Otoro makes me go weak in the knees. When I saw that the Sushi Mori Matsu set ($32) promises a piece of otoro sushi amongst others, I singled it out from the many other dizzyingly lunch sets (which were way much cheaper incidentally).
The instant that piece of ‘otoro’ appeared on my sushi platter, I knew I was duped. It was at most a chu-toro. There was no marbling on the slice of toro. Only slightly with a pink tinge, I almost thought it was maguro. Oh what heresy. Then there were the usual suspects, kanpachi and tai, which were unquestionably waning from days of storage (ok it’s not shipment day but WTH.). The hotate was better off smokin’ in the yakis. Amaebi and tekka maki was middling, the uni didn’t taste/ smell anything like the typical ones I was accustomed to having. The quality ones smell at best a little unpleasant. The worst was the anago neta, which was leathery to the bite (like bak kwa?), not to mention thrusting stiff with all its bones galore. The sushi rice didn’t help to allay my frustrations either. The rice pads weren’t tasty and couldn’t even stand firm for their neta. I didn’t even think they were the short grained Japanese rice. I couldn’t detect any hint of vinegar.

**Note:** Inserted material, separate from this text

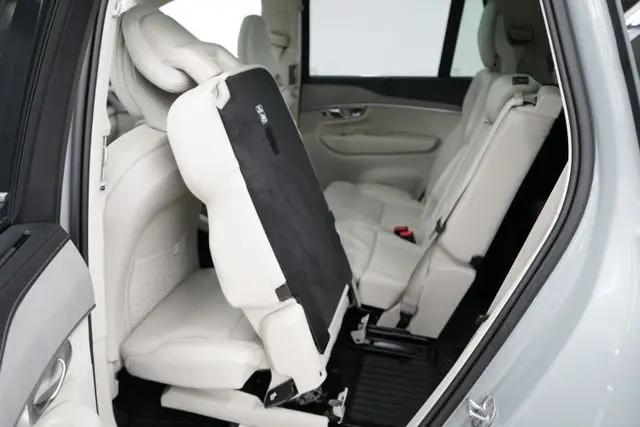 2025 Volvo XC90 B6 Ultra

Then there was something fishy (sic) about the tamago. It tasted suspiciously rubbery. The humble tamago may be a very ordinary occurrence in any place which peddles Japanese food, but don’t belittle this unassuming little thing. The best sushi chefs have toiled many hours away in the kitchens just perfecting the right egg, which naturally is testament to his abilities. But this Egg? Here it is neither sweet (which it must be for crying out loud!) nor savory (hur), but tasted somewhat insipid and rubbery (think MacDs scrambled egg marry agar-agar then you get the idea here). Evidently, those Chinese chefs behind the sushi counter were still wet behind the ears, coz when I quizzed one of them about his own special maki roll, he wasn’t even sure…of his own wares! I was certainly dubious of that baffling maki roll which of course didn’t make it my lunch plate eventually. Oh. Did I say the otoshi was FOC? But it had better be coz those pickled sliced radish thingys really taste revolting.
The waitresses are akin to the Kuriya and Akashi types who were very proficient with their menus, probably even better than the chefs. Call me a Japanese food snob, but I simply hate the way they get me mechanically started on the triviality on ‘how the aji should be eaten’, or what goes into ponzu or how the damned isaki is sliced (‘thinly sliced’ as opposed to ‘usuzukuri’ which I am more predisposed to hear).
The crowd was fairly healthy with mostly mum-kid-wannabes spilling all over the counter tables. No natives were observed. Wonder what that means?
So it’s the abysmal feeling that I get when I feel like I’ve senselessly wasted calories and money on some sloppy pieces of sushi after idiotically enduring slipshod efforts from raw and amateurish sushi chefs, when I walked out that place finally. For the heftily priced $32 set, I would have gotten more bang for my buck with Aoki’s similar rendition, with an accompanying array of some very exotic desserts and healthy salad greens thrown in. The only passable thing I ate during that jaded lunch was probably the miso soup, which pretty sums up about everything here.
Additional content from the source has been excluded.